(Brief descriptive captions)
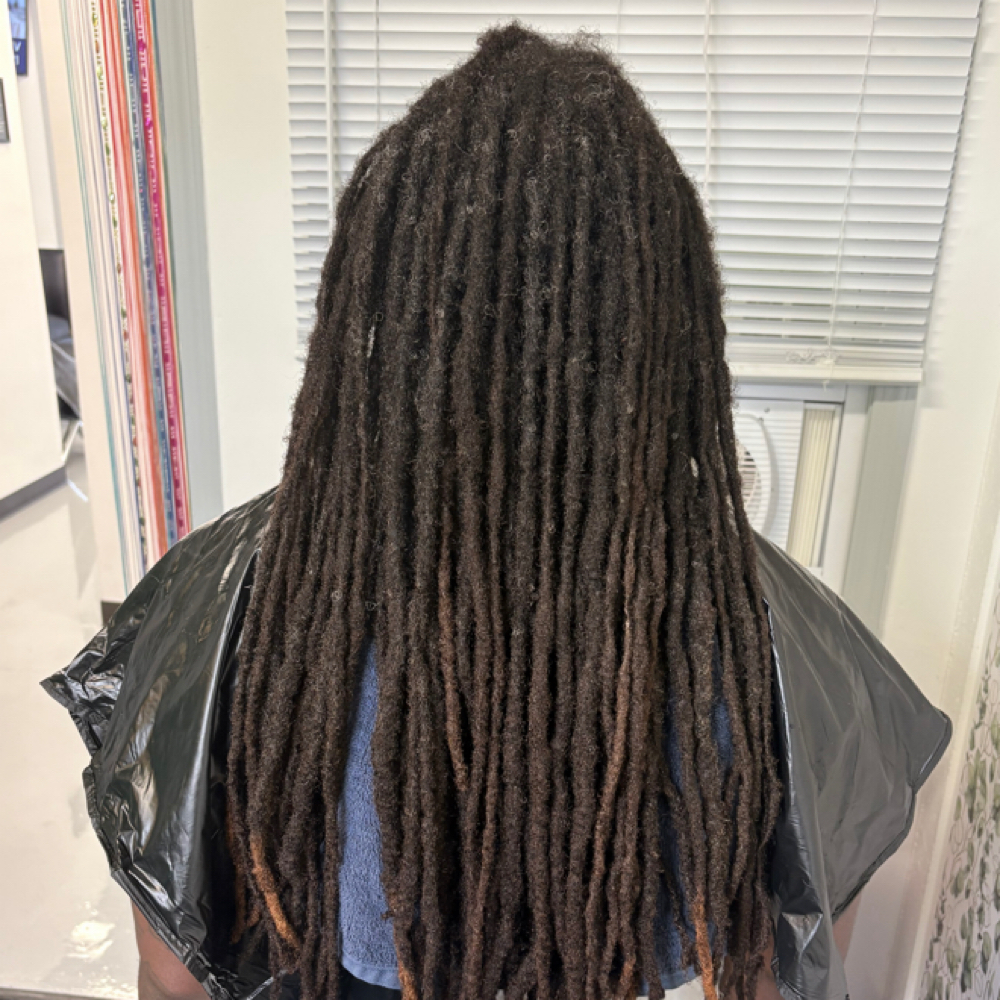 Lower Mid-Back Lngth Loc Retwist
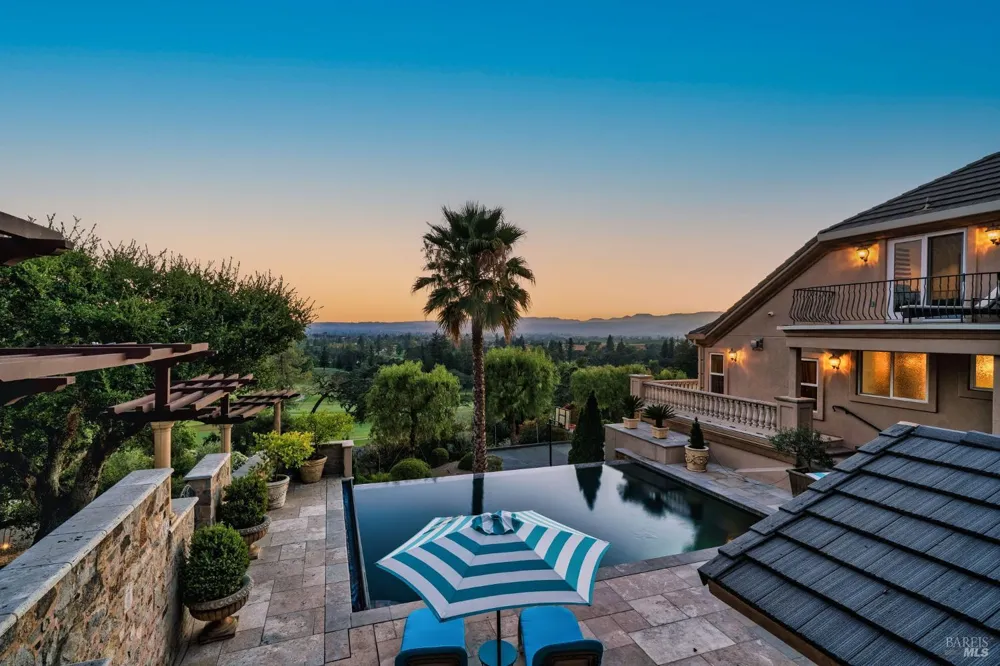 1176 Castle Oaks Drive Napa, CA 94558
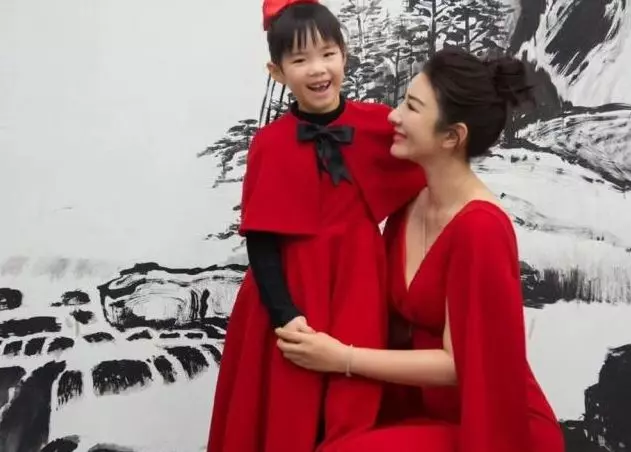 離婚2次獨自帶女兒生活,前夫隔三差五蹭熱度,女兒出場打臉前夫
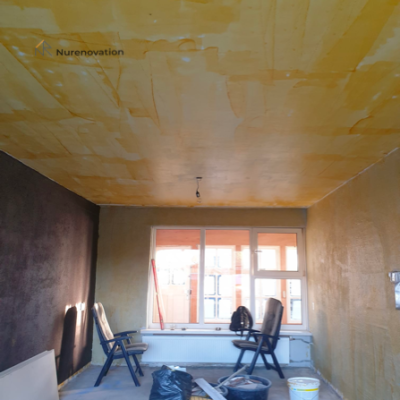 Living room prepared for plaster and design ceiling | Nurenovation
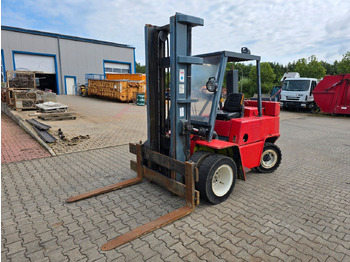 Dizel forklift CLARK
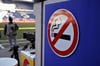 Kein Kippe mehr im Block: RB verbietet das Rauchen auf den Plätzen im Stadion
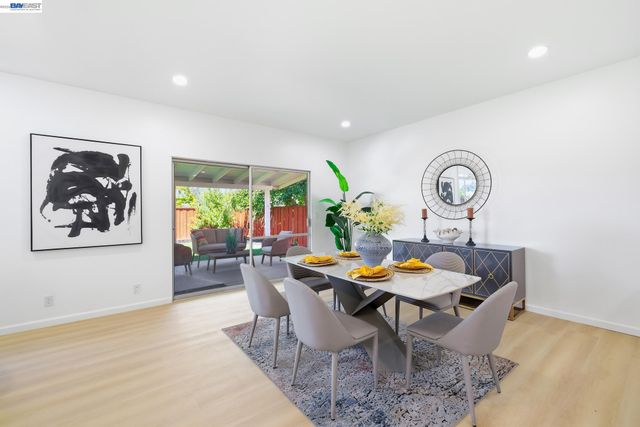 5011 Doyle Rd, San Jose, CA 95129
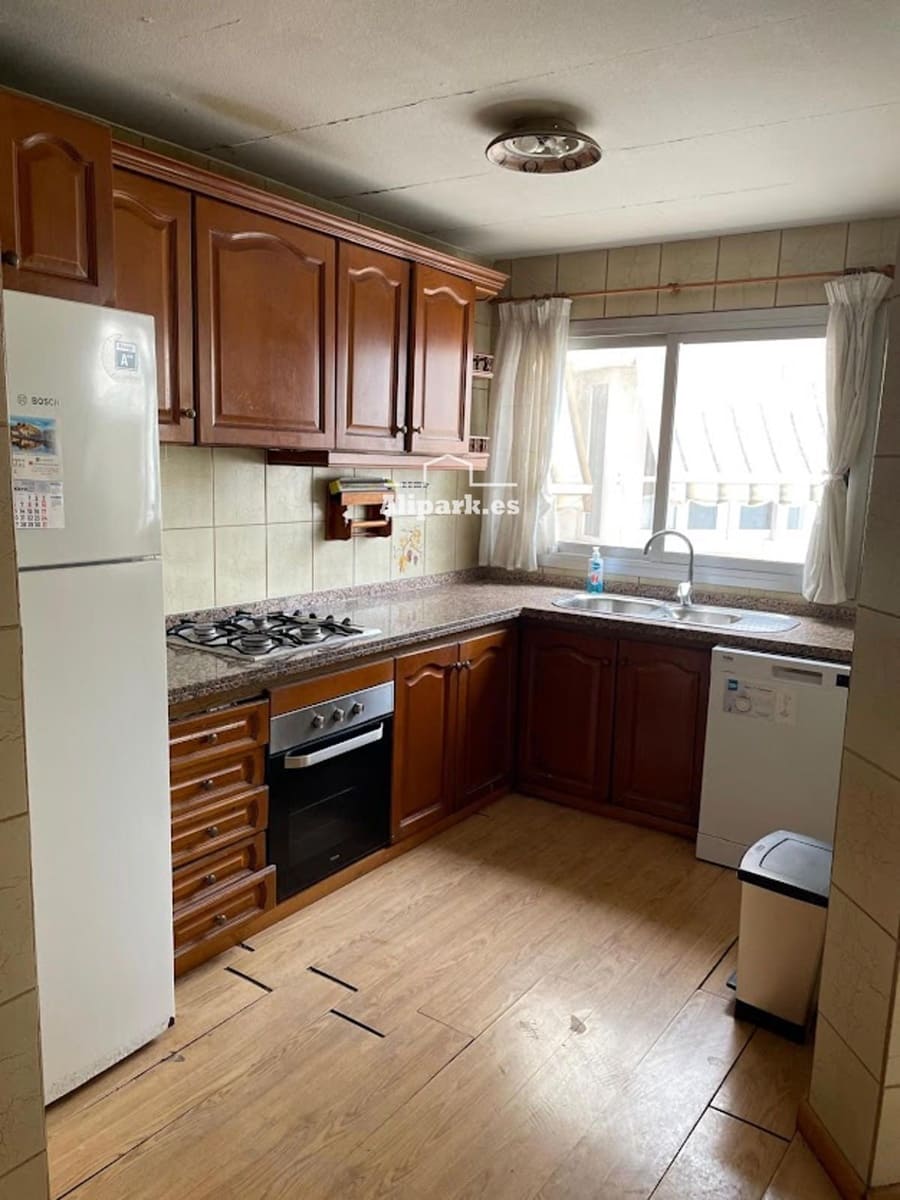 4 bedroom Flat for sale in Alicante / Alacant city - € 670,000 (Ref: 9453391)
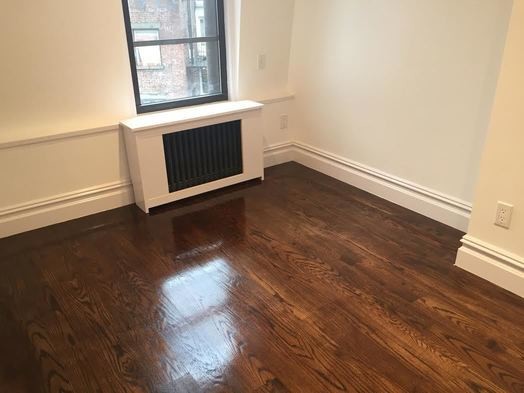 Foto principal - 224 W 13th St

[Required work]:
Output each of the lines above exactly, apart from the images.

[Response area]:
 Lower Mid-Back Lngth Loc Retwist
 1176 Castle Oaks Drive Napa, CA 94558
 離婚2次獨自帶女兒生活,前夫隔三差五蹭熱度,女兒出場打臉前夫
 Living room prepared for plaster and design ceiling | Nurenovation
 Dizel forklift CLARK
 Kein Kippe mehr im Block: RB verbietet das Rauchen auf den Plätzen im Stadion
 5011 Doyle Rd, San Jose, CA 95129
 4 bedroom Flat for sale in Alicante / Alacant city - € 670,000 (Ref: 9453391)
 Foto principal - 224 W 13th St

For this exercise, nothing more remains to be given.